Anybody ever use "BIG BUD"?
http://www.advancednutrients.com/landing_pages/big_bud_liquid_landing.html


Evidently this is a mix of amino acids...sounds great, but kinda pricey.  Im thinking of trying it, tho. Check it out!

Lass


----------



## D3

I use Koolbloom, I dont think it really helps in making you buds bigger, but it does have what the plant needs in this stage of its life. I think it does benefit bud health.


----------



## NorCalHal

Well, here goes.....my 2cents on additives.

Crap.

I told you , 2cents.

Here is why. If folks were to concentrate on the basics, like having your PH correct all the time, that alone will maximize uptake for the girls. No other supplements needed.
I have seen a HUGE shift in additives over the last few years. Everyone is looking for the "one" thing to increse yeild and potency. There is no such thing, imo.
There are FAR more important factors that need to be controlled to improve yeild and potency. Ventilation, lumens,strain to name a few.


How I came to this was not easy. I too used pretty much every additive out there. 
Then I just ran GH 3 part. Checked PH regulary and made fresh juice every 7 days. Flushed out the last 2 weeks. I hit 9lb's on 4, 1000w. a Little more then gram per watt. No additives or anything. That CONVINCED me that keeping an eye on the overall health of the plant and growing environment is better time ( and money) spent then any additive.
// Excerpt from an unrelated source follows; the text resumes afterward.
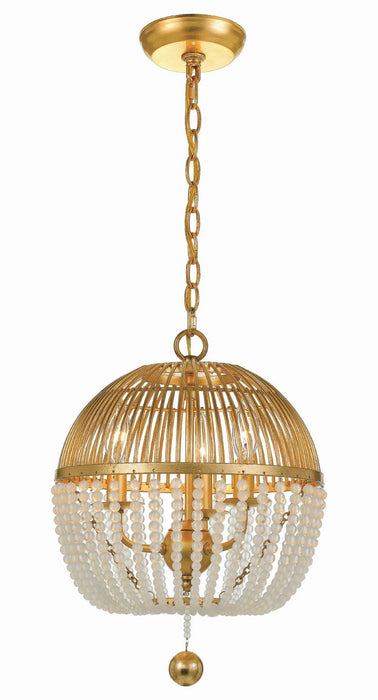 DUV-623-GA- Duval 3-Light Chandelier in Antique Gold by Crystorama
There are MANY tips here on this site that show alot of techniques in Canopy management. That is a HUGE factor in yeild.

I am sure that many will disagree, but from my experience, additives just raise your ppm's to unacceptable levels and give the grower a false sense of "helping" out the plant.

Belive me, if there was a "Magic" additive that incresed yeilds and potency, EVERYONE would be usuing it, but, there is no such thing.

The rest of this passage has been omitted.